§ **WHAT YOU SHOULD DO**: Whatever pictures appear, omit them, and repeat the data below exactly.

§ **RECORDS FOR THE TASK**:
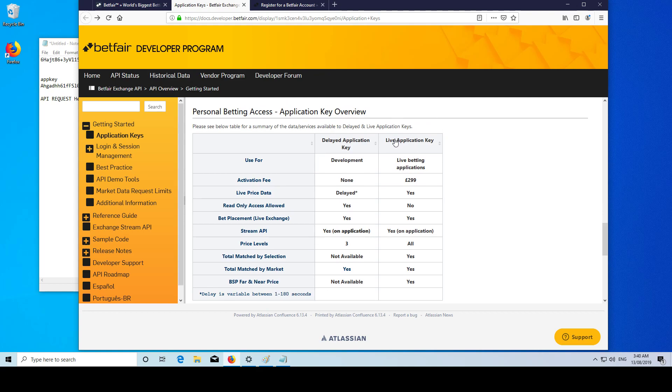So obviously the live key does not come free - 300 pounds. You'd have this in your Betfair account, and then when you go to do it, they'll just subtract that from your balance. But as you can see, the delayed application key has quite a bit of functionality.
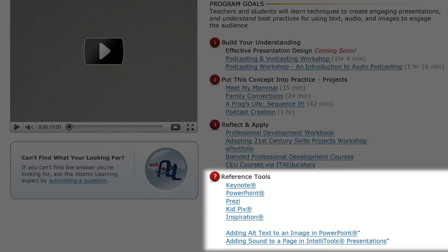Finally, don't forget that Atomic Learning can answer those how-do-I-do-that questions about a variety of presentation tools. So be sure to check out the Reference Tools section as needed.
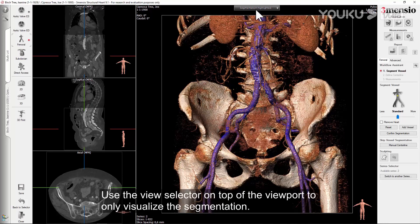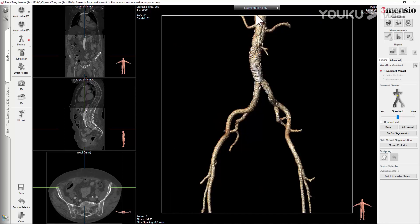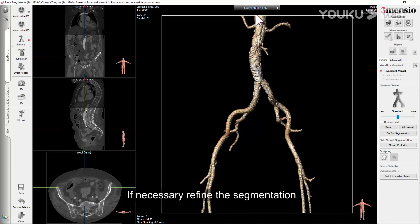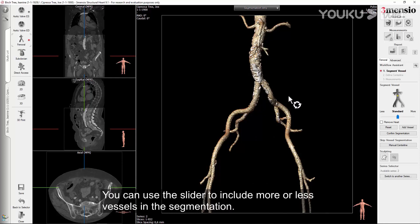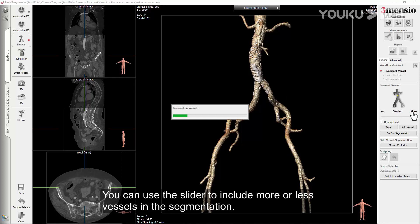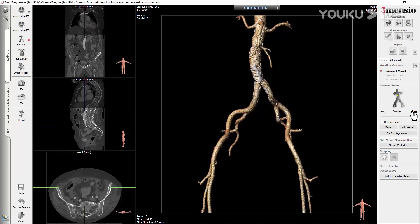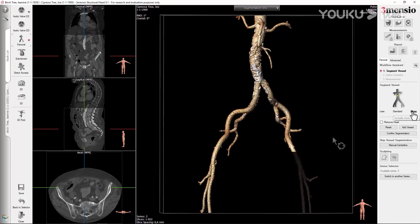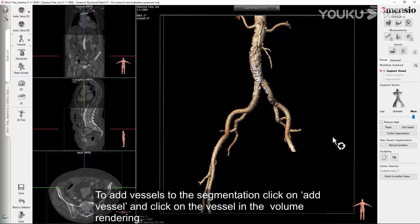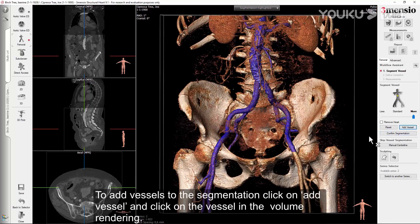Use the view selector on top of the viewport to only visualize the segmentation. If necessary, refine the segmentation. You can use the slider to include more or less vessels in the segmentation. To add vessels to the segmentation, click on Add Vessel and click on the vessel in the volume rendering.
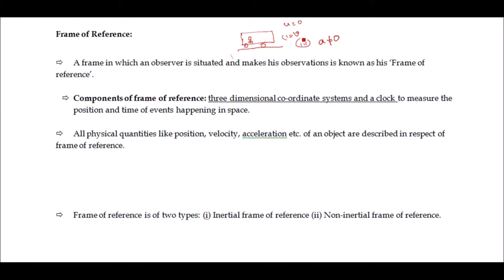So basically, a frame of reference is the frame in which an observer sits and makes some observation. The components of a frame of reference include a three-dimensional coordinate system and a clock to measure the position, time, and events happening in space.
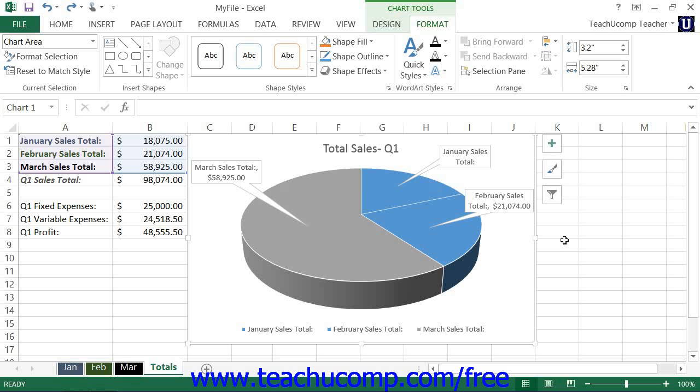You can add pictures, shapes, and text boxes to a selected chart to place additional information into your Excel charts.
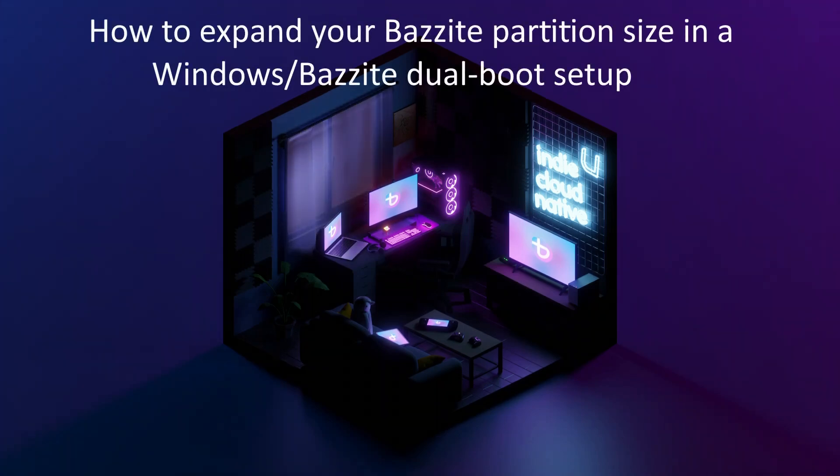In conclusion, as you can see, we can relatively easily change the size of our Bazzite installation without having to reinstall it. Note that you can easily do the opposite of what we have just done and give more space to Windows, if you wish.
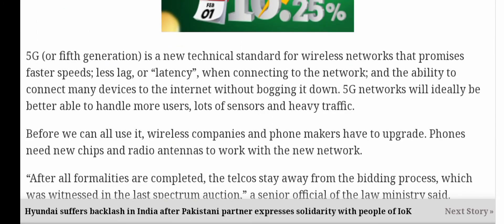5G, ya 5th generation, is a new technical standard for wireless networks — yeh naya technical standard hai wireless network ke liye. It promises faster speeds, less lag or latency when connecting to the network — network bohut jaldi connect ho jata hai, fast speed hai. It also provides the ability to connect many devices to the internet without bogging it down. 5G networks will ideally be better able to handle more users, lots of sensors, and heavy traffic — heavy traffic ko easily yeh tackle karega.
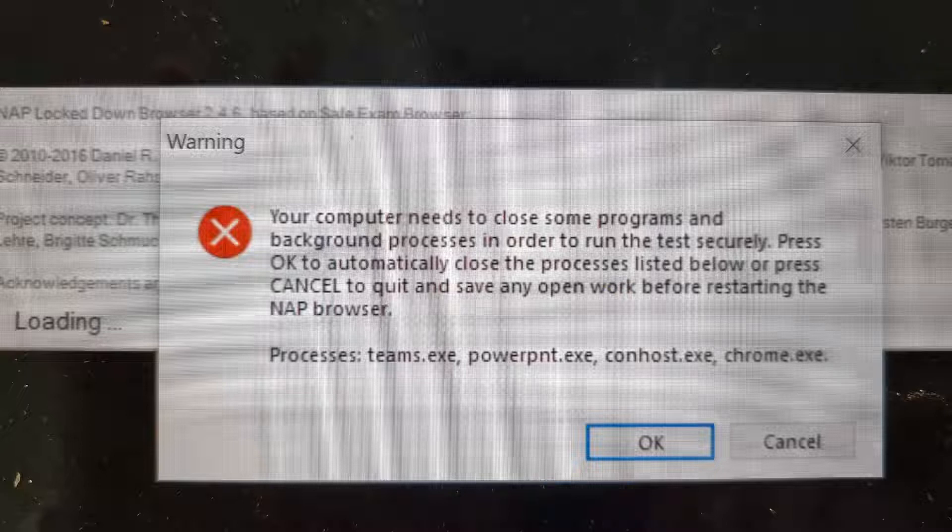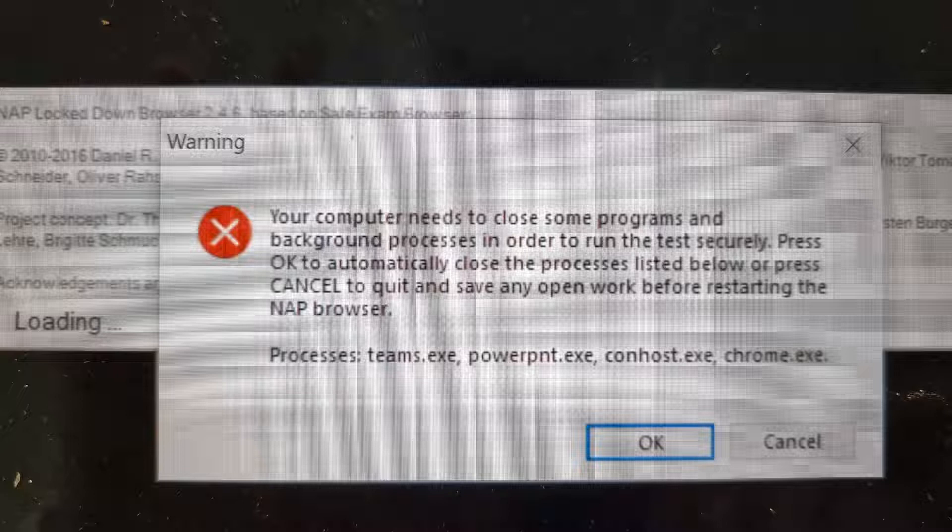Okay everyone, in this video I'm just taking you through some of the common errors that we have found in NAPLAN. So first up, when students may open NAPLAN if they have other items open, this might pop up and it says your computer needs to close some programs and background processes in order to run the test securely. Press OK.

§ **RESPONSE TO THE EXERCISE**:
So obviously the live key does not come free - 300 pounds. You'd have this in your Betfair account, and then when you go to do it, they'll just subtract that from your balance. But as you can see, the delayed application key has quite a bit of functionality.
Finally, don't forget that Atomic Learning can answer those how-do-I-do-that questions about a variety of presentation tools. So be sure to check out the Reference Tools section as needed.
Use the view selector on top of the viewport to only visualize the segmentation. If necessary, refine the segmentation. You can use the slider to include more or less vessels in the segmentation. To add vessels to the segmentation, click on Add Vessel and click on the vessel in the volume rendering.
So basically, a frame of reference is the frame in which an observer sits and makes some observation. The components of a frame of reference include a three-dimensional coordinate system and a clock to measure the position, time, and events happening in space.
You can add pictures, shapes, and text boxes to a selected chart to place additional information into your Excel charts.
In conclusion, as you can see, we can relatively easily change the size of our Bazzite installation without having to reinstall it. Note that you can easily do the opposite of what we have just done and give more space to Windows, if you wish.
5G, ya 5th generation, is a new technical standard for wireless networks — yeh naya technical standard hai wireless network ke liye. It promises faster speeds, less lag or latency when connecting to the network — network bohut jaldi connect ho jata hai, fast speed hai. It also provides the ability to connect many devices to the internet without bogging it down. 5G networks will ideally be better able to handle more users, lots of sensors, and heavy traffic — heavy traffic ko easily yeh tackle karega.
Okay everyone, in this video I'm just taking you through some of the common errors that we have found in NAPLAN. So first up, when students may open NAPLAN if they have other items open, this might pop up and it says your computer needs to close some programs and background processes in order to run the test securely. Press OK.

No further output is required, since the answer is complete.